Abstract
Primary headaches are among the most prevalent neurological disorders, afflicting up to 16% of the adult population. Associated pain originates from intracranial blood vessels that are innervated by sensory nerves storing several neurotransmitters. In primary headaches, there is a clear association between the headache and the release of calcitonin gene-related peptide (CGRP) but not with other neuronal messengers. The specific purpose of this review is to describe CGRP in the human cranial circulation and to elucidate a possible role for a specific antagonist in the treatment of primary headaches. Acute treatment by administration of a triptan (5-HT1B/1D agonist) results in alleviation of the headache and normalization of the elevated CGRP level. The mechanism of action of triptans involves vasoconstriction of intracranial vessels and a presynaptic inhibitory effect of the trigeminal sensory nerves.

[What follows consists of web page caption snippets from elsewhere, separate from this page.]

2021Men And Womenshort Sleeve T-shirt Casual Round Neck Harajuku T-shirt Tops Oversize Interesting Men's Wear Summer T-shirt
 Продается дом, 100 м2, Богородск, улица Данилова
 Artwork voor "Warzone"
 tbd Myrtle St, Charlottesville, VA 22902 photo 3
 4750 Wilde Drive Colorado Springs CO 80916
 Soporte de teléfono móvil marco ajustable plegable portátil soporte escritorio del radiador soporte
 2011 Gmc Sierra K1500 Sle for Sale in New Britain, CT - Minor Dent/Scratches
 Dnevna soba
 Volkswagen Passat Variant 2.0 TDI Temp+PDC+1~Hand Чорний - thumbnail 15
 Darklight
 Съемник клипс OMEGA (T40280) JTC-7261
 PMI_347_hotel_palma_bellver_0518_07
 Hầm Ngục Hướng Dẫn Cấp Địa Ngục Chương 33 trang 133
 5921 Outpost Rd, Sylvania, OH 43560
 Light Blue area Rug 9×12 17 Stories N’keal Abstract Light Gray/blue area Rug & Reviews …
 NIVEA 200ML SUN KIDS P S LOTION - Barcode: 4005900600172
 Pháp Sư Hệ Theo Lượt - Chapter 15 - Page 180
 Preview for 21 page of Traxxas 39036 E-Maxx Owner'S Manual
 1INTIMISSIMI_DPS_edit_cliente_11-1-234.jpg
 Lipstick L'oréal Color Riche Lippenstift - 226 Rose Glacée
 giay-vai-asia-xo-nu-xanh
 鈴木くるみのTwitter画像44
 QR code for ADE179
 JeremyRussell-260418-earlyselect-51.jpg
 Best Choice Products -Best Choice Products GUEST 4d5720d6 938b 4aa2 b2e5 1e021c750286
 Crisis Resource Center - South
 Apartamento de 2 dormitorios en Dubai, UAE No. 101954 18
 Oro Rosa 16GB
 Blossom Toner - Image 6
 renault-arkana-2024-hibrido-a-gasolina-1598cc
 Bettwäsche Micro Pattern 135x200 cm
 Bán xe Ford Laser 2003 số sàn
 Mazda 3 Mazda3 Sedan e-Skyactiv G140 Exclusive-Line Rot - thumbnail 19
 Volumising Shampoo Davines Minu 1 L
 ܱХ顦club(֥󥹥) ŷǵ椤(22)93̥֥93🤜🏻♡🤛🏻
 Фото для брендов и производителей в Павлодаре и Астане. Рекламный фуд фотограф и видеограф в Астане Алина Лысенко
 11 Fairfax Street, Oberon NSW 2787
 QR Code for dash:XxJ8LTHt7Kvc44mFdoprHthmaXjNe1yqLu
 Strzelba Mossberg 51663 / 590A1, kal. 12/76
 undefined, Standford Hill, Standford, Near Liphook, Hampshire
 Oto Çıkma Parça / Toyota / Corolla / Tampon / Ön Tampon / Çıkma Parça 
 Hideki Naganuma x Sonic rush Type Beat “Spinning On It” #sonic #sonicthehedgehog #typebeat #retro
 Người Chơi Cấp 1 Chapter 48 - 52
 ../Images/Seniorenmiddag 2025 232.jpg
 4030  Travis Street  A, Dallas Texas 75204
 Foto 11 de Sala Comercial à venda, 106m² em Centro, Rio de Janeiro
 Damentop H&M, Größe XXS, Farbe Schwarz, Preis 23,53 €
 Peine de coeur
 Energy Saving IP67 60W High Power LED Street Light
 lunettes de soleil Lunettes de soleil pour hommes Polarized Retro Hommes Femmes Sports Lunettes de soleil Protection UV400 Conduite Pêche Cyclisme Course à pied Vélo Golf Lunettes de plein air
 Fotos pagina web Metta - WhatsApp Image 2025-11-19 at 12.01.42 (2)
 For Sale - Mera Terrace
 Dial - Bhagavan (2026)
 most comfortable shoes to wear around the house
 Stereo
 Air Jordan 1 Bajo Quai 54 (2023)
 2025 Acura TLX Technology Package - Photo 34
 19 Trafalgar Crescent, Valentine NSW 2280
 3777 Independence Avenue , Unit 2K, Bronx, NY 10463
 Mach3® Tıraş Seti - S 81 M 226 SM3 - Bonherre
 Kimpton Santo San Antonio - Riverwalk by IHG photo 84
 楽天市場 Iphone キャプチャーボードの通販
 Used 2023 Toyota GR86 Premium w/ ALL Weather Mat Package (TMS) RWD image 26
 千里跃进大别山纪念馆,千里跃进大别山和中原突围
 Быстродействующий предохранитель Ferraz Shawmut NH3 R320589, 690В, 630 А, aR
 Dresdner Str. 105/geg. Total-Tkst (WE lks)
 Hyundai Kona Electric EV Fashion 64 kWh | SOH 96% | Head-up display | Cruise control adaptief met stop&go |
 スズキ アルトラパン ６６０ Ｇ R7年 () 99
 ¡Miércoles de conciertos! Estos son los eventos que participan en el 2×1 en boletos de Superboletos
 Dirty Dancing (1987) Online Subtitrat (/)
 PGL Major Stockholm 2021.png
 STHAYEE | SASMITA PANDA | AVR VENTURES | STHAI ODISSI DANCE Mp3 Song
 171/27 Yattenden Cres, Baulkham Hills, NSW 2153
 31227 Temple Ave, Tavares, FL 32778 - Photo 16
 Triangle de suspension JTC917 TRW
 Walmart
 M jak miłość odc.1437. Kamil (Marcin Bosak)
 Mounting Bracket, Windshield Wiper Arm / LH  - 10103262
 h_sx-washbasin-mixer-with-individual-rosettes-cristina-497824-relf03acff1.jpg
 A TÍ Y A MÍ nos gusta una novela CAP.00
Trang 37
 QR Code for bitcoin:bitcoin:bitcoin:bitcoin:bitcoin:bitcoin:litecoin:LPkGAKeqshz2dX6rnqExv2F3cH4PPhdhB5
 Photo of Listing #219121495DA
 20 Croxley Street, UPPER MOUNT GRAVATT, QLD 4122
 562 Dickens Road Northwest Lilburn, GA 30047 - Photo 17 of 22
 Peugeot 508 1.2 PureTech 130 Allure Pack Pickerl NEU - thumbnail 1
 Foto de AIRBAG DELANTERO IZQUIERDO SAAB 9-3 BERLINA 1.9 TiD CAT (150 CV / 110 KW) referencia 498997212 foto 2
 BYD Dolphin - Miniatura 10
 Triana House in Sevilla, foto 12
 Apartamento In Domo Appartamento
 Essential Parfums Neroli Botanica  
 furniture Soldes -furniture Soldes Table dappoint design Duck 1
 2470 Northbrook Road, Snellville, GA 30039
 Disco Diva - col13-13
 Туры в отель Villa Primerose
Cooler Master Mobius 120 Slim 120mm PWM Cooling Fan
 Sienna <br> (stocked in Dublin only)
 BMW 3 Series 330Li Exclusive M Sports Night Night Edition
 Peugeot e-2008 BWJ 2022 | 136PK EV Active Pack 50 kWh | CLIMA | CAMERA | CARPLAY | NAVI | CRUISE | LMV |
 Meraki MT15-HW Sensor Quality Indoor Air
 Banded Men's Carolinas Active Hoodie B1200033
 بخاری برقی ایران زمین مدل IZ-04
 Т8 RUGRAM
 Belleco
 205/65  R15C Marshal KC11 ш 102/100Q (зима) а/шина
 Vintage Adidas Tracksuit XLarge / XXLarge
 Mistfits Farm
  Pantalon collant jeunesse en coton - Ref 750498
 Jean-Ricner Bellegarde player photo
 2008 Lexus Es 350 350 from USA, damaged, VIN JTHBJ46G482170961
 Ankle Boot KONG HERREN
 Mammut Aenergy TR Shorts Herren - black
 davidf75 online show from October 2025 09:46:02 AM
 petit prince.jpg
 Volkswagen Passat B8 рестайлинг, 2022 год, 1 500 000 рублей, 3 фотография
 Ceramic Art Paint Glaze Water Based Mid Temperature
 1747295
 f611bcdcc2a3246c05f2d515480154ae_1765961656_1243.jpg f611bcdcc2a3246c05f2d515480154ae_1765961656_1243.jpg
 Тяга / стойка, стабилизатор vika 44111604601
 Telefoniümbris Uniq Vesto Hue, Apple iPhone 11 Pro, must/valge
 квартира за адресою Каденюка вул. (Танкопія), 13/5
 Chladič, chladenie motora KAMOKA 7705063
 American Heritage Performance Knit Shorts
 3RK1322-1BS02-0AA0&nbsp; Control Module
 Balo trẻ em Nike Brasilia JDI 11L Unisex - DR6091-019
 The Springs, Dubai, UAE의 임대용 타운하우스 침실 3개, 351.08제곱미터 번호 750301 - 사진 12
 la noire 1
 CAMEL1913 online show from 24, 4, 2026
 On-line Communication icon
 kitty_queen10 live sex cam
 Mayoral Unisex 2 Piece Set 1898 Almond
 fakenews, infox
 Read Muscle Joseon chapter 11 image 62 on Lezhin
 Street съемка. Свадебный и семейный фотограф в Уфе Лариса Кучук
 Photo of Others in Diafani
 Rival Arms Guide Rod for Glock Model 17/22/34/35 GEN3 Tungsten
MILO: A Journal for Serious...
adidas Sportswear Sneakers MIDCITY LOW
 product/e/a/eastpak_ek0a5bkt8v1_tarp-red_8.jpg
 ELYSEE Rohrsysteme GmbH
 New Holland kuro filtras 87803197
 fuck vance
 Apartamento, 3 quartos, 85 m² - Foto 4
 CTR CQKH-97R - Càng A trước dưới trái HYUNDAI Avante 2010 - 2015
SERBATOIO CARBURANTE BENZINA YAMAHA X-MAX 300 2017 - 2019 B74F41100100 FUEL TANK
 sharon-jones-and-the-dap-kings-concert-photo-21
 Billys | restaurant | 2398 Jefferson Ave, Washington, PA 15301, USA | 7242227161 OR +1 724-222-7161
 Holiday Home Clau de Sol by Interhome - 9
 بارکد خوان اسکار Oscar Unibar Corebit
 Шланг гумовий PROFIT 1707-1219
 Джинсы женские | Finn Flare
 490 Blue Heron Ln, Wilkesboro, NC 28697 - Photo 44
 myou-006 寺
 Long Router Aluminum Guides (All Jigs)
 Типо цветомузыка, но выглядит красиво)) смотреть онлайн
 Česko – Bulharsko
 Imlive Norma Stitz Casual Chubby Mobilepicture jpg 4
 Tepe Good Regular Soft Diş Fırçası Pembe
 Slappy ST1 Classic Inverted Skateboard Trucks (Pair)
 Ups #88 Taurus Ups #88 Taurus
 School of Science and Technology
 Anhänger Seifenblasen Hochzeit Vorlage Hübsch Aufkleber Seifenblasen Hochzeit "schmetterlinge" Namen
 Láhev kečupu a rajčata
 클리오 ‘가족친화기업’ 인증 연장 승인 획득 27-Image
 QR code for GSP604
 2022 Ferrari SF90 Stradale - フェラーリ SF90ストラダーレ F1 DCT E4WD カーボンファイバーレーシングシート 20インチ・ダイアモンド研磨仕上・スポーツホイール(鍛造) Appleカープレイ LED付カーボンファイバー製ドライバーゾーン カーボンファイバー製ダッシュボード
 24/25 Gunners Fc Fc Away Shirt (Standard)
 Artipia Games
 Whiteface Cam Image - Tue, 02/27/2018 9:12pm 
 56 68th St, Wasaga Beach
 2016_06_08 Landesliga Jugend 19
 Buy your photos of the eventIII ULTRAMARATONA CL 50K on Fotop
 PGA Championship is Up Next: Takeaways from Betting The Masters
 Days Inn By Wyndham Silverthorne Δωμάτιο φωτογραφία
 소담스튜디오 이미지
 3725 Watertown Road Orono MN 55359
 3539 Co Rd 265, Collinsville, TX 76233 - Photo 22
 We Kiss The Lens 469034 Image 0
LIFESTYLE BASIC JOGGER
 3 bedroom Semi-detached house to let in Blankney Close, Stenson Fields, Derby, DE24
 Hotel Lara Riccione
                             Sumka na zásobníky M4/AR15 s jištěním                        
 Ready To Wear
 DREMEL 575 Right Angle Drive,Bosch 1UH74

The central role of CGRP in migraine and cluster headache pathophysiology has led to the search for small molecule CGRP antagonists, which would predictably have less cardiovascular side effects as compared to the triptans. The initial pharmacological profile of such a group of compounds has recently been disclosed. These compounds have high selectivity for human CGRP receptors and are reported to be efficacious in the relief of acute attacks of migraine.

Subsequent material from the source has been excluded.